Near Southwick, Shoreham, West Sussex

Sold
Watercolour, with scratching out, over an underdrawing in pencil.
Colour beginnings in watercolour and a compass in grey ink on the verso.
Inscribed 31 Aug 22 at the upper left and 8 o/c  / S at the upper right.
Further inscribed near Southwick / Shoreham / 31 Aug 22 8 o/c SE on the verso.
109 x 184 mm. (4 1/4 x 7 1/4 in.)
Many of Joseph Gandy’s topographical drawings and watercolours serve as a form of diary and travelogue, a practice he had begun during his period of study in Italy between 1794 and 1797, when he went on sketching expeditions in the Campagna. According to the artist’s annotations on the sheet, this watercolour was drawn at 8 o’clock on the 31st of August, 1822, on the beach at Shoreham in West Sussex, on the south coast of England.
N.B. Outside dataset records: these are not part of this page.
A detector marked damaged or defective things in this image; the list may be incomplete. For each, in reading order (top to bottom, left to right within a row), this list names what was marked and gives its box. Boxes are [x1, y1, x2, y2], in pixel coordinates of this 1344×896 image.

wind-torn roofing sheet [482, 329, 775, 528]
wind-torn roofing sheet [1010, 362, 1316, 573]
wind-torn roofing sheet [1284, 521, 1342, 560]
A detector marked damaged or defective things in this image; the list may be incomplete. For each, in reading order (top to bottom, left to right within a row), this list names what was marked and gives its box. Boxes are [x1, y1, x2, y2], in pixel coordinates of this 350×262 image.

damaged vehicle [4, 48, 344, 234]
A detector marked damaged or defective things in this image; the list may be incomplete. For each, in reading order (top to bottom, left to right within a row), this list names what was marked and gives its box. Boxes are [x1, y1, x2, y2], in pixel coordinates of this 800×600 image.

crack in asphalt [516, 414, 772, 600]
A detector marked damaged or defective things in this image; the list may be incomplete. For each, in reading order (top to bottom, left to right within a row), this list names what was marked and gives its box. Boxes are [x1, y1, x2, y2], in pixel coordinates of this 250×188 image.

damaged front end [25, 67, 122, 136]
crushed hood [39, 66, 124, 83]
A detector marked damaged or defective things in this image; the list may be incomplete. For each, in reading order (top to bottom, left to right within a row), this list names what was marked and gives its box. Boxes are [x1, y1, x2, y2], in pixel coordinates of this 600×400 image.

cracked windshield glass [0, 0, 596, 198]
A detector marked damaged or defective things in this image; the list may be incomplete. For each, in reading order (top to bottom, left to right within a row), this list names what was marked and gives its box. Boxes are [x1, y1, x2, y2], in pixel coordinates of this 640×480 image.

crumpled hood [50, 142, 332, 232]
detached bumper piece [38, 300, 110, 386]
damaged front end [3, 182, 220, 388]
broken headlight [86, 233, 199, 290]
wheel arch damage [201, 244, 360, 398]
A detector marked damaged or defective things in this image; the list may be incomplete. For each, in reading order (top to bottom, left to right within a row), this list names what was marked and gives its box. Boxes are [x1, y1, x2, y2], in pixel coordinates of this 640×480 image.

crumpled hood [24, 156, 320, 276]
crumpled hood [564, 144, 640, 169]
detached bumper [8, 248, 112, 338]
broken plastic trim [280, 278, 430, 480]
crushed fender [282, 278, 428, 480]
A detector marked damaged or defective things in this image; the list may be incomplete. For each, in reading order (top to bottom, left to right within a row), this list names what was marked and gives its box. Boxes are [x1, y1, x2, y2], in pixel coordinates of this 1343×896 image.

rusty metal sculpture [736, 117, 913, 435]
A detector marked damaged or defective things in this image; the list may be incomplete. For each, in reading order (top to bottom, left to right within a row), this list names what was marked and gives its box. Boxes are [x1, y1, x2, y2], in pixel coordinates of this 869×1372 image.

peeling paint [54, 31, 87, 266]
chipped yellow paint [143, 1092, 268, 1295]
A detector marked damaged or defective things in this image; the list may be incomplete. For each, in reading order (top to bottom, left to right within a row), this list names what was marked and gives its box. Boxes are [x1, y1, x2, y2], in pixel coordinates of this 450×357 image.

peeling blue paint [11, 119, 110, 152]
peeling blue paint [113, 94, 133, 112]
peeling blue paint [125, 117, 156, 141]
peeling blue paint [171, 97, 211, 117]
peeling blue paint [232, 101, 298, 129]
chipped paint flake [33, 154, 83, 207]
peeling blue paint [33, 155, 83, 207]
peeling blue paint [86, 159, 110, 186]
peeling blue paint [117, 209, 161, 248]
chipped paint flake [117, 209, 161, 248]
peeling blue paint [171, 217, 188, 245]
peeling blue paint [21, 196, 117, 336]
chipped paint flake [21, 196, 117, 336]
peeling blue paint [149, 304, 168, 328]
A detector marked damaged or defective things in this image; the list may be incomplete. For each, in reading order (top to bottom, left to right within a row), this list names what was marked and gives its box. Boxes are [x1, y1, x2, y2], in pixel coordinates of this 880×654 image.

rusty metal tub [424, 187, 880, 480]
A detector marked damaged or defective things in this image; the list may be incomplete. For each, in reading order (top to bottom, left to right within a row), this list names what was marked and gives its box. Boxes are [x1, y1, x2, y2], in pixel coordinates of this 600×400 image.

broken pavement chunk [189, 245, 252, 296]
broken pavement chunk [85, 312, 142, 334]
The present sheet was one of several landscape sketches by Gandy from the 1820’s which were acquired from him by his friend, the Neoclassical sculptor Sir Richard Westmacott (1775-1856). Westmacott had studied in Rome with Gandy, and sometimes purchased works from his often impecunious friend. He later assembled these watercolours into two albums which he gave to his daughter Maria Poole. One of these albums is today in the Sir John Soane Museum in London, while the other album was eventually broken up and the drawings dispersed in 2004. The present sheet was part of this second album, which was titled GANDY / VOL II / LANDSCAPE on the spine, and inscribed, by Richard Westmacott, Gandy’s sketches / I give / Maria on the inside cover. The album contained 97 watercolours of landscapes and studies from nature, variously inscribed and dated between the 15th of July 1820 and the 5th of July 1826. The album contained watercolour landscapes drawn in London and its outskirts, as well as various views in Surrey, East and West Sussex, and Kent on the southeast coast of England, as well as a number of studies of skies, clouds, sunsets, storms and nocturnal views. Many of the watercolours – which appear to have come from one or more sketchbooks used by the artist - were inscribed by Gandy with the location, date and time that the views were made, as well as the compass direction of the view chosen.



Another watercolour by Gandy from the same Westmacott album – a view of Shoreham, dated 31 August 1822 and drawn only an hour earlier than the present sheet - is today in the Hilliard collection in Chicago.

 




An architect by profession, Joseph Gandy was trained in the office of James Wyatt from 1786 onwards, before enrolling in the Royal Academy Schools in 1789. Following a period of three years spent in Rome, he returned to London where he was employed as a draughtsman by the architect Sir John Soane, for whom he began working in 1798. Although long regarded by scholars as merely an employee of Soane, translating the latter’s architectural designs into full-scale watercolours, it is now known that Gandy often produced drawings after his own inventions. (That he was certainly held in high regard by Soane is shown in the comments made by the architect in a lecture presented at the Royal Academy in 1813: ‘A superior manner of Drawing is absolutely necessary, indeed it is impossible not to admire the beauties and almost magical effects in the architectural drawings of a Clérisseau, a Gandy, or a Turner.’) Gandy maintained a modest architectural practice of his own, and regularly exhibited a remarkable series of large-scale architectural history watercolours and capriccios - grandiose subjects inspired by Ancient Greece and Rome – in the architecture section at the Royal Academy between 1789 and 1833. (He also showed fourteen works at the British Institution in 1820 and 1821). In 1803, Gandy was admitted as an Associate of the Royal Academy, largely on the strengths of his undoubted skills as an architectural draughtsman, and despite the fact at that time he had not received any commissions as a practicing architect. (Indeed, he achieved no further promotion within the Academy, and was never elected an Academician.) Gandy also produced a number of designs for stage sets, and contributed drawings to the antiquarian topographer John Britton’s The Architectural Antiquities of Great Britain, published between 1807 and 1826, and The Cathedral Antiquities of England, which appeared between 1814 and 1835.

Provenance

Acquired from the artist by Richard Westmacott and placed into an album
The album given to his daughter, Maria Poole, née Westmacott
Thence by descent until sold, London, Christie’s, 20 November 2003, lot 7
Richard L. Feigen & Co., New York
Jan Krugier and Marie-Anne Poniatowski, Geneva.
 

Literature

Suzanne Folds McCullagh, ed., Dreams & Echoes: Drawings and Sculpture in the David and Celia Hilliard Collection, exhibition catalogue, Chicago, 2013-2014, p.79, under no.28 (entry by Brian Lukacher).

 

Exhibition

New York, Richard L. Feigen & Co., Joseph Gandy: Visionary Views of England, 2004, no.37.